The EEO-1 Report is a federally mandated survey that collects workforce data categorized by race, ethnicity, sex and job category. Under Title VII of the Civil Rights Act (Title VII), employers with 100 or more employees and certain federal contractors must report this data to the Equal Employment Opportunity Commission (EEOC) by March 31 every year.
However, collection of this data from 2022 has been delayed. The EEOC opened the portal for employers to begin entering 2022 information on Oct. 31, 2023. The deadline for employers to complete their submissions of 2022 information is Dec. 5, 2023.
EEO-1 reporting for the previous three years was delayed as well. In 2017 and 2018, employers subject to EEO-1 reporting were required to submit additional information about employee pay and work hours (known as “Component 2” data). Those additonal requirements were discontinued due to court challenges, but the EEOC has indicated that they may be reinstated in future years.
This Compliance Overview provides additional information EEO-1 reporting requirements.
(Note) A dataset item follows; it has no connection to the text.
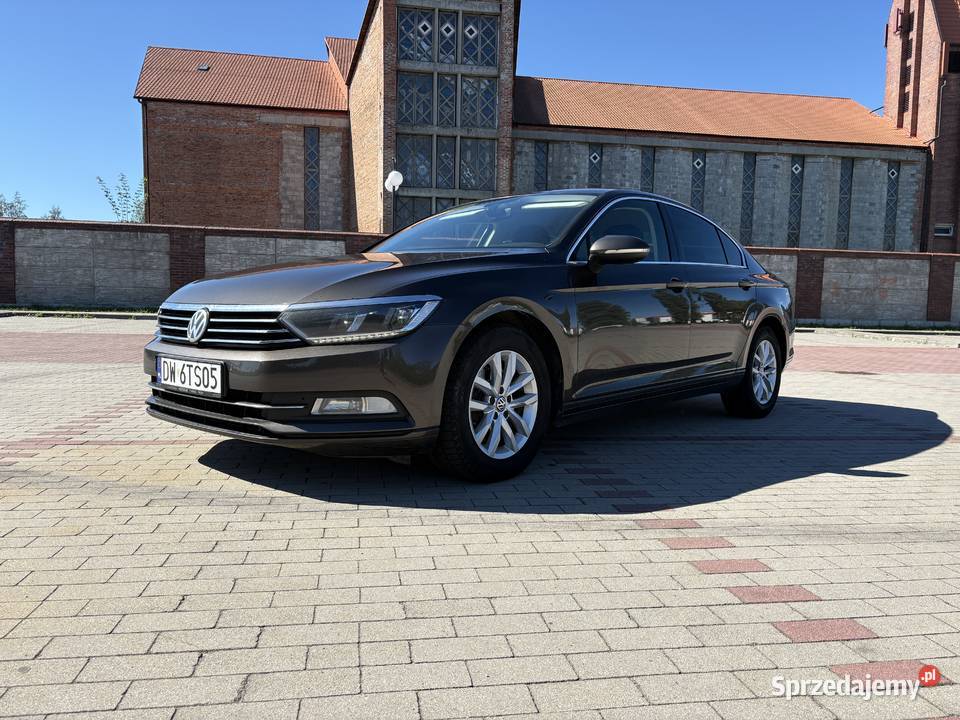 Volkswagen Passat B8 20tdi 150 DSG sedan 2018 ABS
Employers Subject to EEO-1 Reporting Requirements
With limited exceptions, the following entities must file EEO-1 Reports by March 31 every year (however, the deadline for oollection of data from 2022 has been delayed until Dec. 5, 2023):
- A private employer with 100 or more employees (with limited exceptions for schools and other organizations);
- A private employer with between 15 and 99 employees, if they are part of a group of employers that legally constitutes a single enterprise, which employs a total of 100 or more employees; and
- A federal contractor with 50 or more employees and is either a prime contractor or first-tier subcontractor, and has a contract, subcontract or purchase order amounting to $50,000 or more.
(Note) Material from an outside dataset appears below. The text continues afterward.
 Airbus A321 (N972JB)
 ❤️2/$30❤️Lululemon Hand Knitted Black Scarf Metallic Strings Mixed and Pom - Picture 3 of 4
Although the EEOC sends notification letters to employers it knows to be subject to the EEO-1 requirements, all employers are responsible for obtaining and submitting the necessary information prior to the appropriate deadline. An employer who fails or refuses to file an EEO-1 Report as required may be compelled to do so by a federal district court. Federal contractors also risk losing their government contracts for failure to comply.
If the preparation or filing of an EEO-1 Report would create undue hardship, an employer may send a written request for an exemption or for special reporting procedures to the EEOC. Employers may also obtain a one-time, 30-day extension of the EEO-1 filing deadline by emailing a request to the EEOC. However, the EEOC does not grant any exemptions or extensions requested after the filing deadline.